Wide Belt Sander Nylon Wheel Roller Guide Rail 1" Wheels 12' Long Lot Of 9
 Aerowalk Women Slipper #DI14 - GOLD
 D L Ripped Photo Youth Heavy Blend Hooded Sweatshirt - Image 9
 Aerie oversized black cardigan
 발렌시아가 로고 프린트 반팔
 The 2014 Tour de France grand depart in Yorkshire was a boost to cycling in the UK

▬▬▬

EXERCISE PROMPT
What you return should match, exactly, the stretch of the listing above that runs from the line with "발렌시아가 로고 프린트 반팔" to its last line.

RESPONSE TO THIS TASK
 발렌시아가 로고 프린트 반팔
 The 2014 Tour de France grand depart in Yorkshire was a boost to cycling in the UK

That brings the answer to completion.